挨拶の済んだ黒子は、先ほど気になったことについても。
ついでに藤堂に聞いてみようと考えていた。


「あの、藤堂さん。
 一つ聞きたいことがあるんですが。」

『え…なに?』


それはまだ、藤堂が寝ている時の話。
黒子はその時を思い返すように、未だ乱雑な藤堂の机の方を見る。


黒子が気にかけていることは…


いまも変わらず、藤堂の机の上にある男子バスケ部のビラのことだった。
それに目を落としながら、黒子は続ける。


「そのバスケ部の」


その時だった。


ガラガラガラッという音と共に、教室中に行き渡るほどの声量で、


?「HR始めるぞー席付け〜」


と言う、男性の声が響いた。


「『 っ?! 』」


その時になって、黒子と藤堂は気付いたのだ。
HRが始まる直前だった、ということを。


急なことで、呆気に取られている黒子を横に、


『悪ぃ黒子くん。
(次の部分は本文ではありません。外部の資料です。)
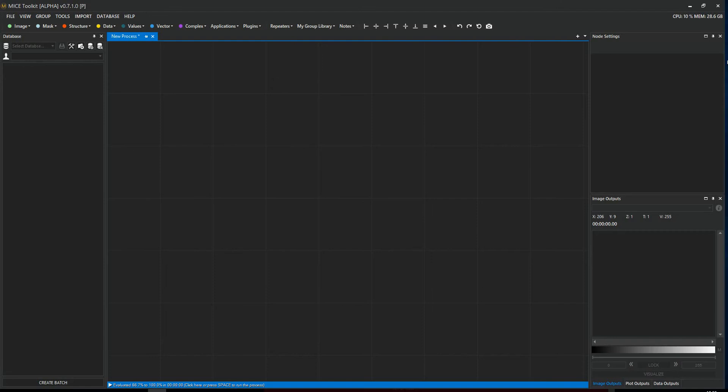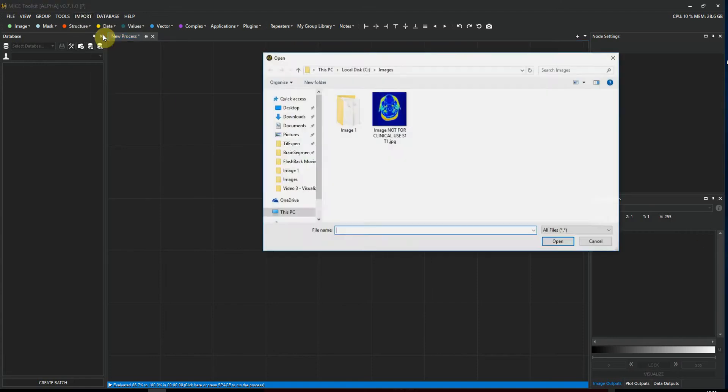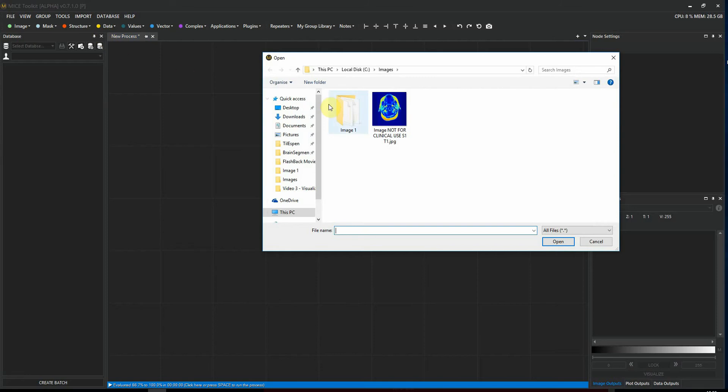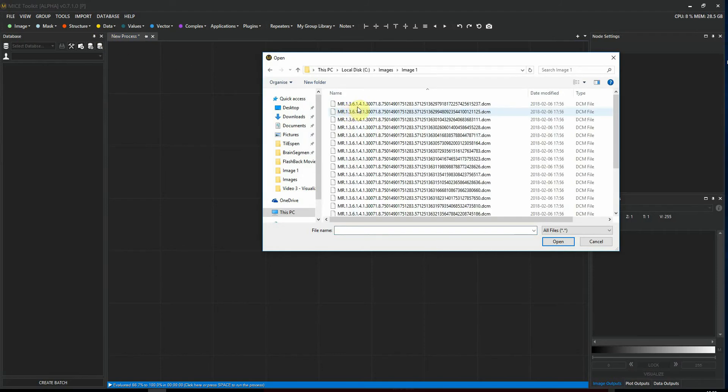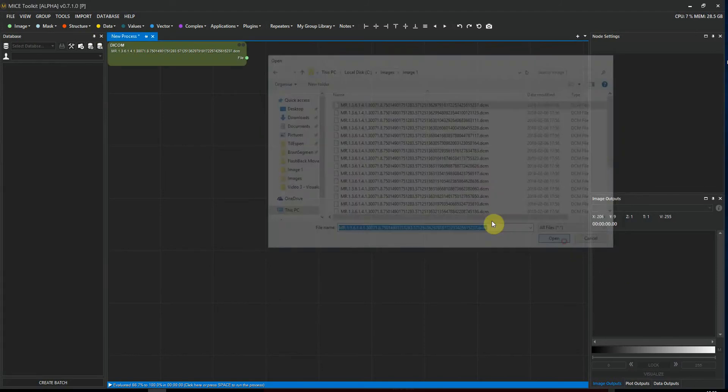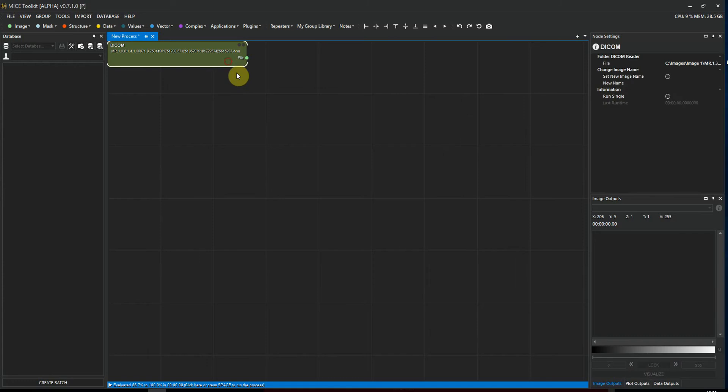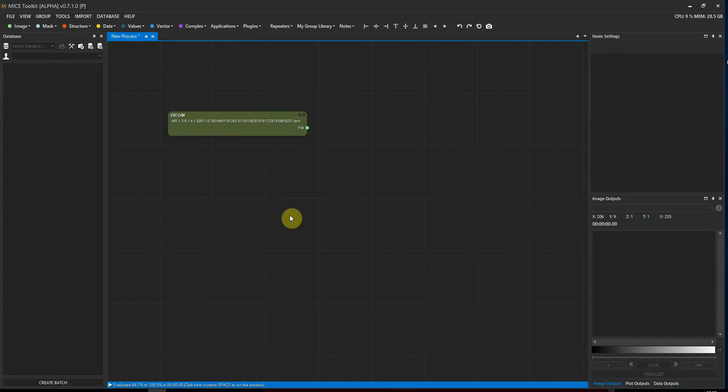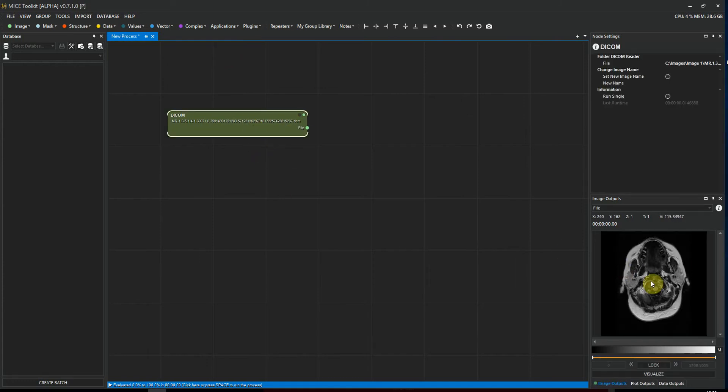First, I'm going to show you how to import a single DICOM slice. We can do that by going to Import DICOM Files, and then you select the image, the DICOM file that you want to import. Click Open, we execute the workflow by pressing spacebar, and we see that we have imported one slice.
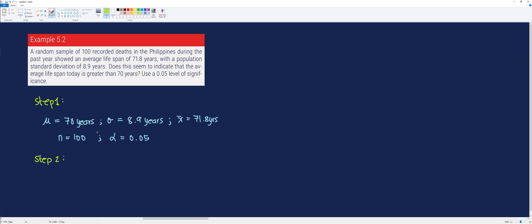Step two is to identify the null and alternative hypothesis. Notice that what we are trying to test is whether the average lifespan is greater than 70 years. From here, we can formulate the alternative hypothesis: the population mean is greater than 70 years. Whereas the null hypothesis is that the population mean is equal to 70 years. Always remember that the null hypothesis is formulated with an equal sign.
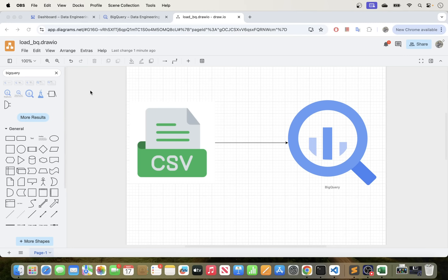Welcome back everyone. In today's video I will be showing you how to load or upload data in a CSV file from your local machine to Google BigQuery. Alright, so let's get to it.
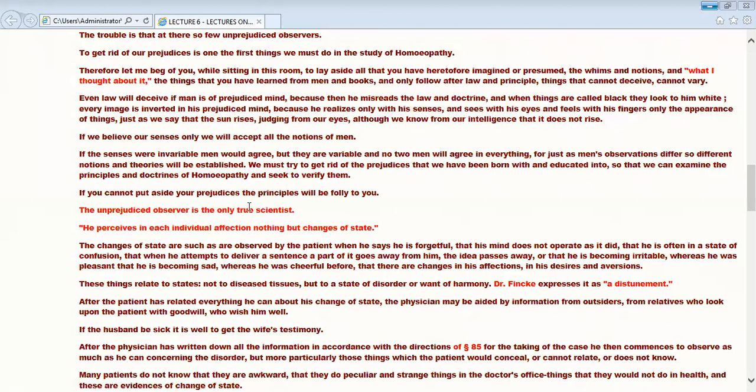This unprejudiced observer is a true scientist. Why is he a true scientist? Because he takes the particular, every individual case, every sign and symptom. He tries to find out the truth. He always does experiments. He always tries to find out the authority or the fixed things, so that he can do better things for the society. Yes, scientists.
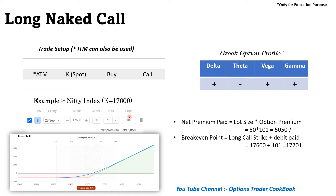Basically, here we are paying the net premium — it's a debit strategy. We have to pay the money to buy this call option. Here is the profit and loss diagram. The maximum loss is nothing but the net premium you have paid, in this case 5,050 rupees.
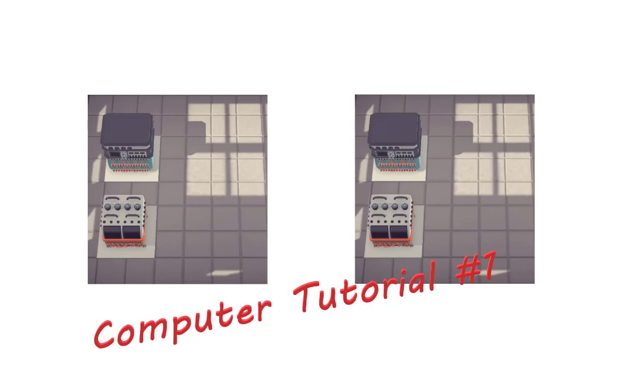Hi guys and welcome to this short tutorial. In this video I want to show you how you can control a production line with the help of a computer.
また…あとでも?』


と、己の顔の前で右手を構え、“ごめんのポーズ”を取る藤堂。
だから黒子も「はい、大丈夫です」と続けた。


その会話を最後に、黒子と藤堂はそれぞれの席に着いた。


しかし…


黒子は依然、藤堂の持つ男子バスケ部のビラについて、気になってしょうがなかった。